--- SUPPLIED DATA ---
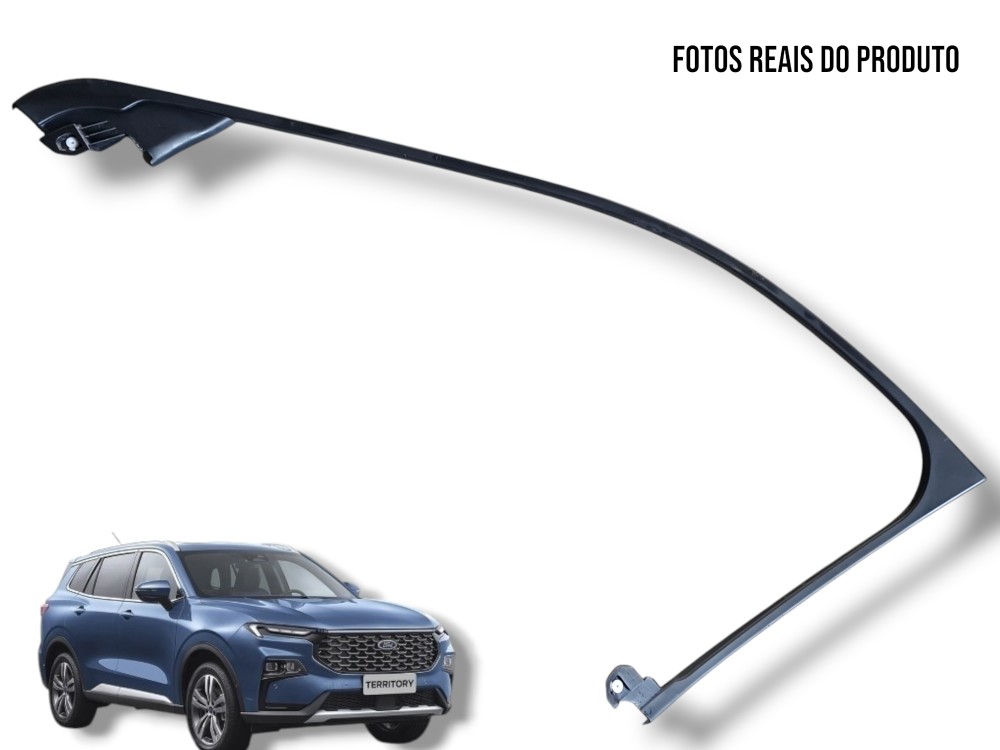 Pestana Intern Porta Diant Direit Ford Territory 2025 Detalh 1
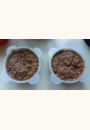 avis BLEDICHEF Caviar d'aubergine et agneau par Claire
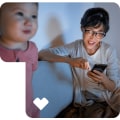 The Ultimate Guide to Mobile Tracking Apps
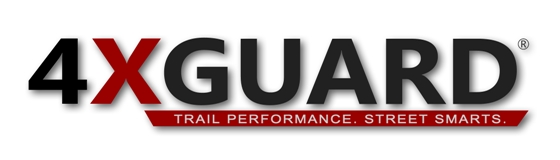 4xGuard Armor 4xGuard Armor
---
WHAT TO PRODUCE => Print the material above exactly as it appears, but not its pictures.

FINAL ANSWER =>
 Pestana Intern Porta Diant Direit Ford Territory 2025 Detalh 1
 avis BLEDICHEF Caviar d'aubergine et agneau par Claire
 The Ultimate Guide to Mobile Tracking Apps
 4xGuard Armor 4xGuard Armor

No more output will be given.